| Work request |
Nothing but the lines from the one containing "Rainbow Aura Quartz" to the end of the records that follow should be transcribed, each exactly, with the pictures left out.

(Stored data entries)
____

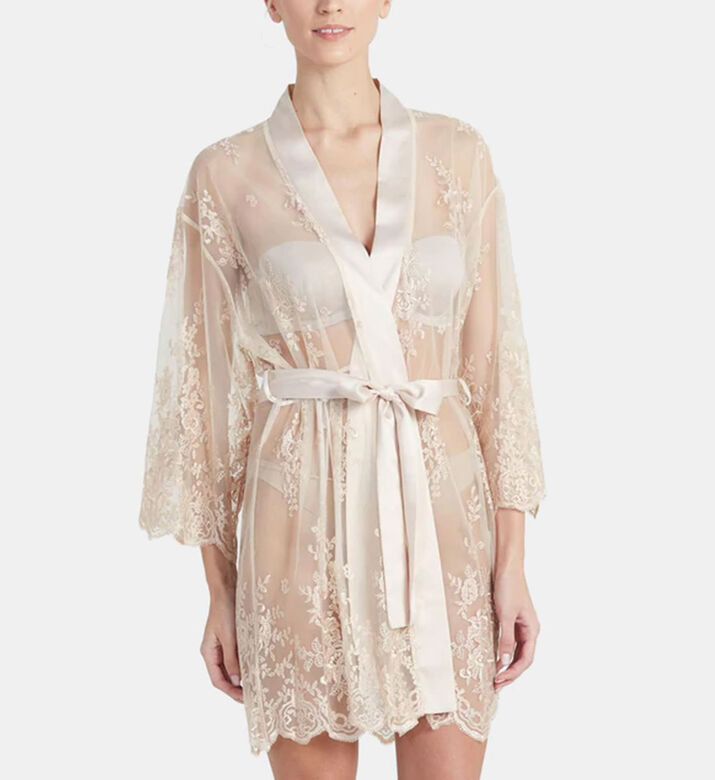 Darling Lace-trim Chemise With Robe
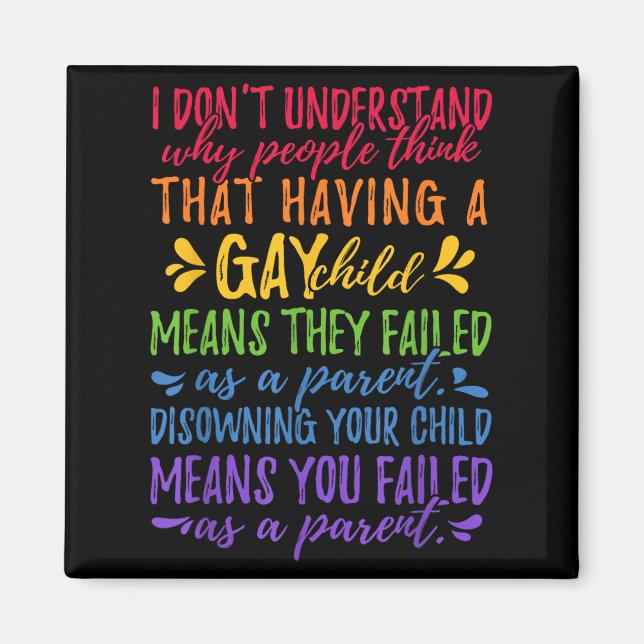 Aimant Gay Pride - Proud Parent Mom Dad Parenting Quote  (Devant)
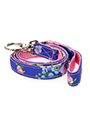 Pink / Blue Floral Burst Fabric Collar & Lead Set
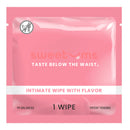 Sweetums Intimate Wipes Cherry Flavor 10 Pack single wipe packaging with playful design.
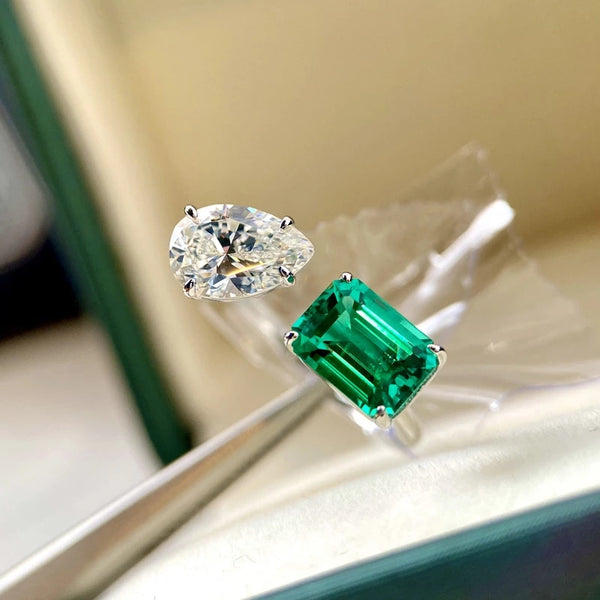 Luxury New Fine Silver Color Crystal Zircon Imitated Emerald Green Open Ring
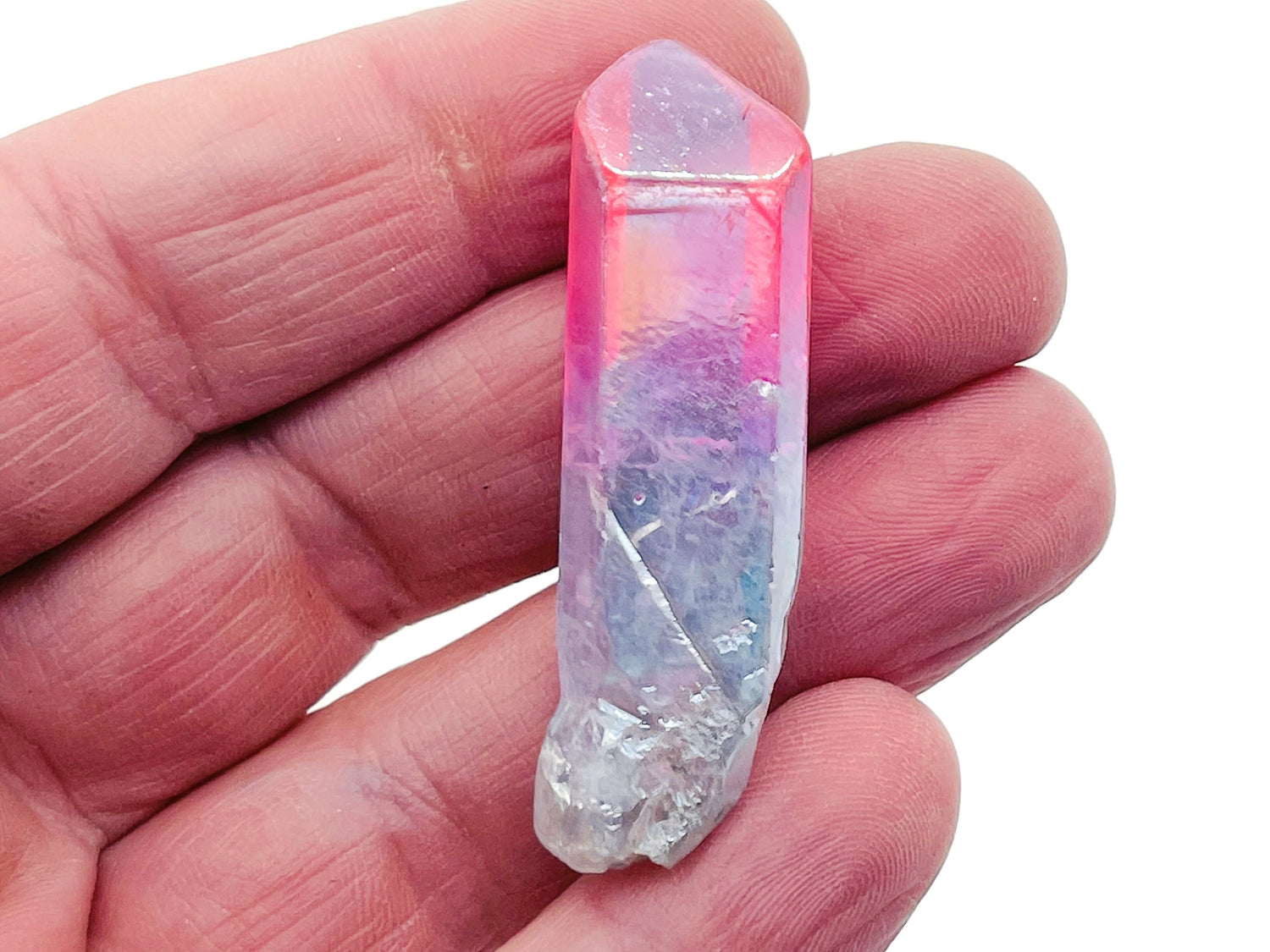 Rainbow Aura Quartz Point Gemstone - Pink-Blue Aura Stone - RA1241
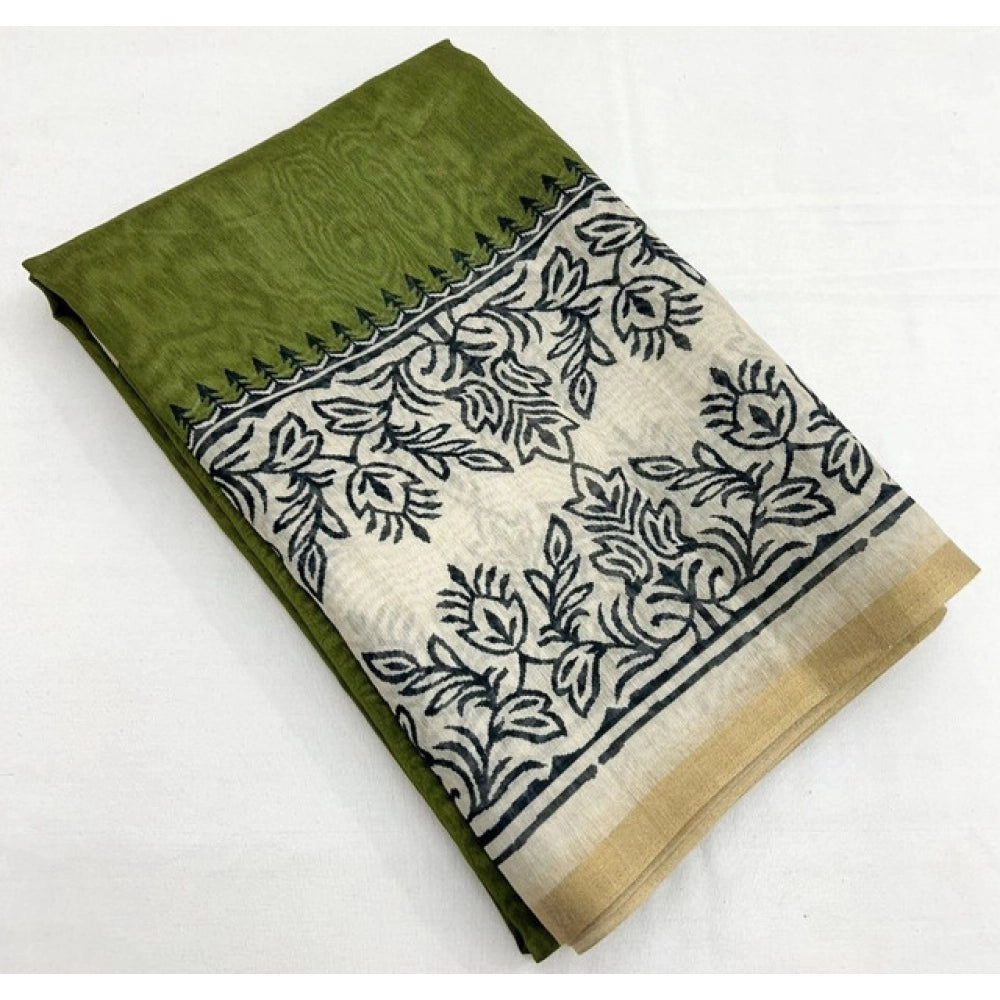 Women's Chanderi Printed Saree With Unstitched Blouse 5.5Mtr (Green)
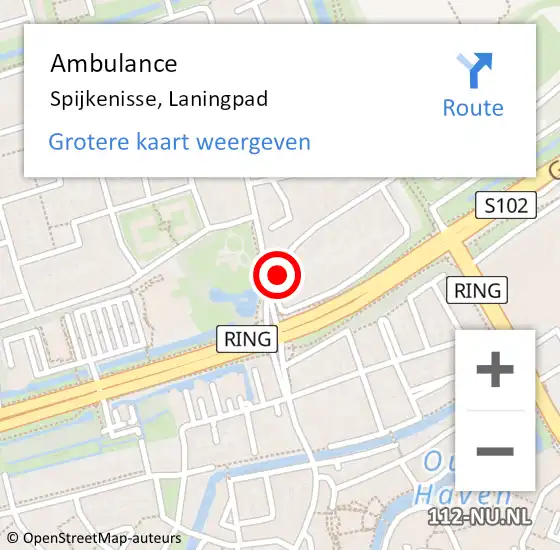 Locatie op kaart van de 112 melding: Ambulance Spijkenisse, Laningpad op 26 januari 2016 13:14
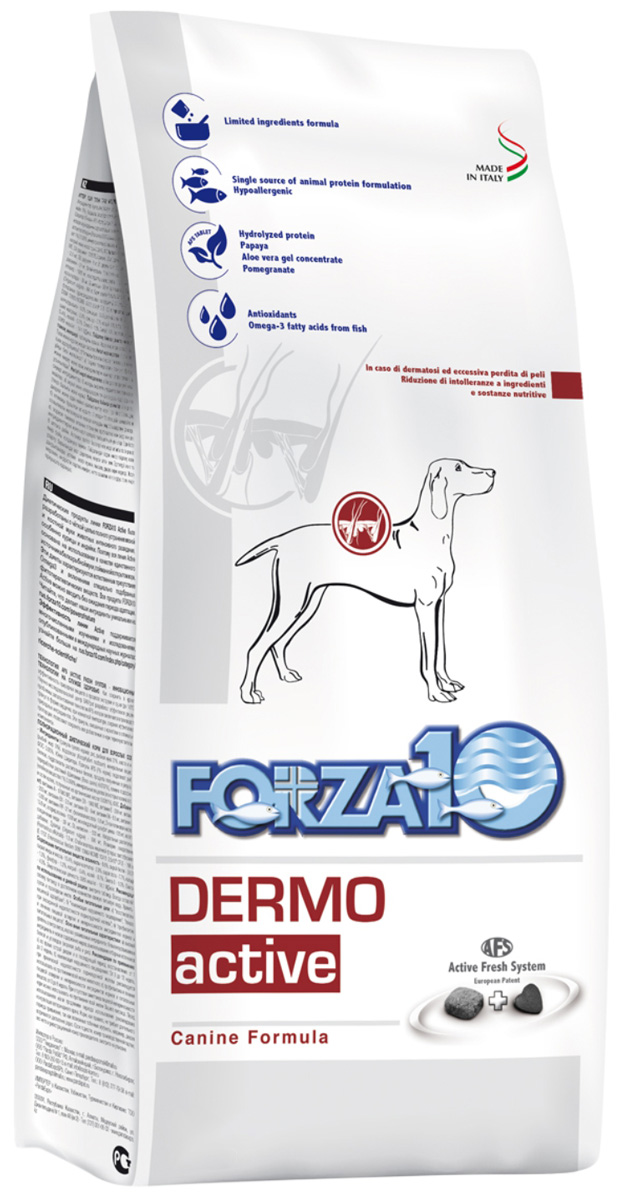 Forza10 Active Line Forza10 Dog Dermo Active для взрослых собак всех пород при заболеваниях кожи (10 кг)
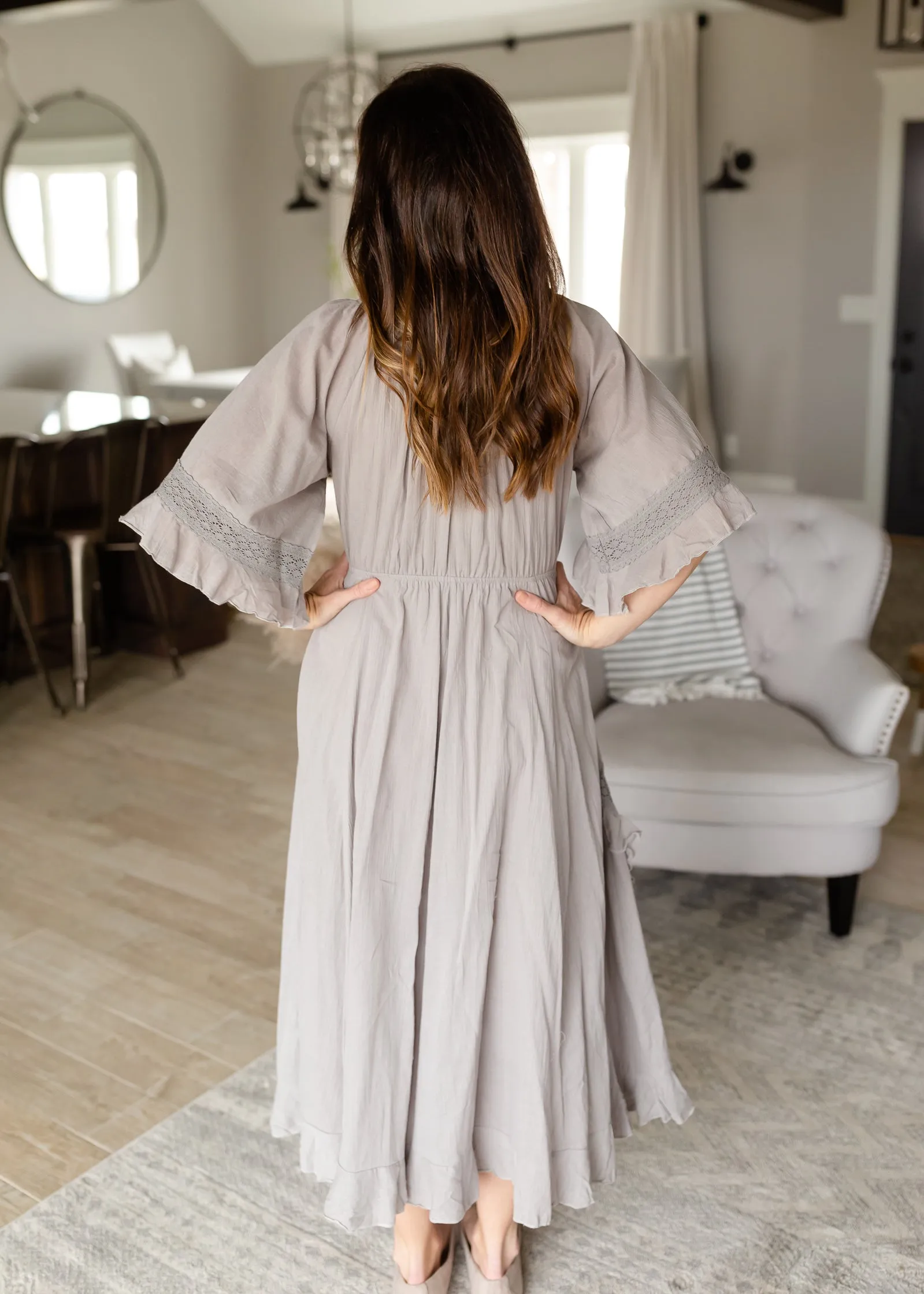 Ash Gray Linen Ruffle Midi Dress - FINAL SALE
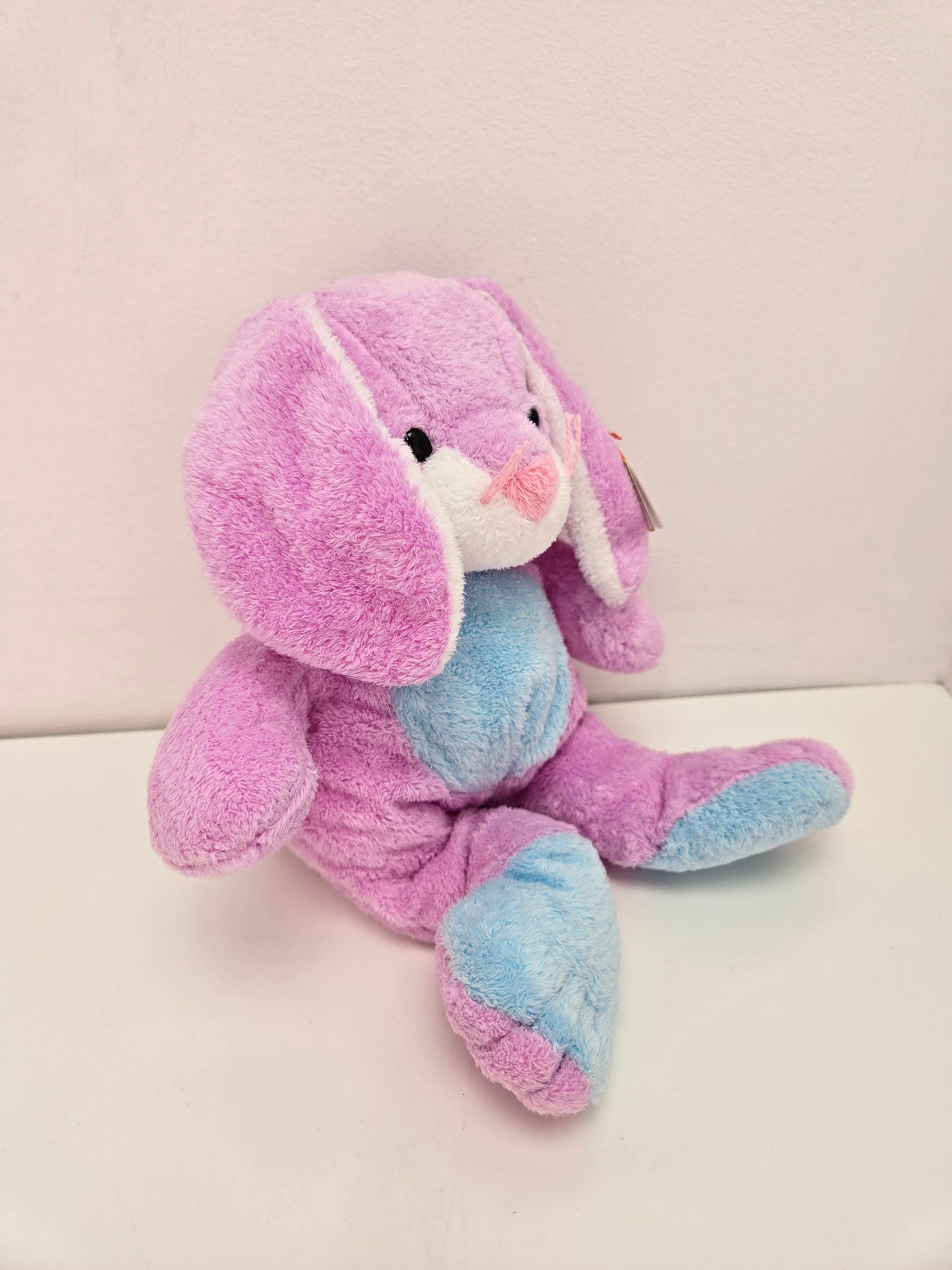 Ty Pluffies Collection “Twitchy” the Purple and Blue Bunny (10 inch)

____

| Reply |
 Rainbow Aura Quartz Point Gemstone - Pink-Blue Aura Stone - RA1241
 Women's Chanderi Printed Saree With Unstitched Blouse 5.5Mtr (Green)
 Locatie op kaart van de 112 melding: Ambulance Spijkenisse, Laningpad op 26 januari 2016 13:14
 Forza10 Active Line Forza10 Dog Dermo Active для взрослых собак всех пород при заболеваниях кожи (10 кг)
 Ash Gray Linen Ruffle Midi Dress - FINAL SALE
 Ty Pluffies Collection “Twitchy” the Purple and Blue Bunny (10 inch)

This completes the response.